*** Opening Information supplied ***

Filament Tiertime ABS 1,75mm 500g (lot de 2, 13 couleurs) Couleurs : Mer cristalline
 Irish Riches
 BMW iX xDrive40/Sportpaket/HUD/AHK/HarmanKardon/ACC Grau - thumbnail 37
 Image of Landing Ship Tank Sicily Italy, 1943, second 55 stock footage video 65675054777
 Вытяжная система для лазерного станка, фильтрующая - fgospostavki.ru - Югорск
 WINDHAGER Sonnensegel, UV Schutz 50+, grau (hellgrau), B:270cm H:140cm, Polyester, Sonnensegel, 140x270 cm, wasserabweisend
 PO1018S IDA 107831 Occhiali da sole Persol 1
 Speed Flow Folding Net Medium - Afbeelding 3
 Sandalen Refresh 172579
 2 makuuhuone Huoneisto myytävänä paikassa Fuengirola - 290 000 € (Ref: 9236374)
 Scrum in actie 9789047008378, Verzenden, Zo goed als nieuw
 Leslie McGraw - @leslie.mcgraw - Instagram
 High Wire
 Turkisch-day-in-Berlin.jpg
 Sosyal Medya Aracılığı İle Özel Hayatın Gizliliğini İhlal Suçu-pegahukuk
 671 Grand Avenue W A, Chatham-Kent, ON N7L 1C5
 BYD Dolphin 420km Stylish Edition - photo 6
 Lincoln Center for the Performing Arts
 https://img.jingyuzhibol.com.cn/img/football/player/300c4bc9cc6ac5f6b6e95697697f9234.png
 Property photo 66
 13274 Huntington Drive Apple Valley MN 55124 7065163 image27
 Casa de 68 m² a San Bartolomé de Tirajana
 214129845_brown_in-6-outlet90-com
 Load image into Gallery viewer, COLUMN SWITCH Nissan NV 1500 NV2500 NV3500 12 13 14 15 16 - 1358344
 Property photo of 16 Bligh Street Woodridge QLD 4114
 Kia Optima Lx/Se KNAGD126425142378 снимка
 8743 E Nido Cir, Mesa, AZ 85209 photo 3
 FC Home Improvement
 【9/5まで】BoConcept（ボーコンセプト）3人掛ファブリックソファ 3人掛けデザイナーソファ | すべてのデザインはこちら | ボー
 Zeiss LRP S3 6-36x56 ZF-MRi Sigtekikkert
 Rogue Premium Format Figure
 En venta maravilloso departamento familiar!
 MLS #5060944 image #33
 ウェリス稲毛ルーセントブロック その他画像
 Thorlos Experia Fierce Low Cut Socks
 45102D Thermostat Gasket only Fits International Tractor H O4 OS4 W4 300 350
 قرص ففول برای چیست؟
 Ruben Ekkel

*** Closing Information supplied ***

- _Try it_
Only the lines above that hold "Property" are wanted. Show every one of them.

- _Solution for this exercise_
 Property photo 66
 Property photo of 16 Bligh Street Woodridge QLD 4114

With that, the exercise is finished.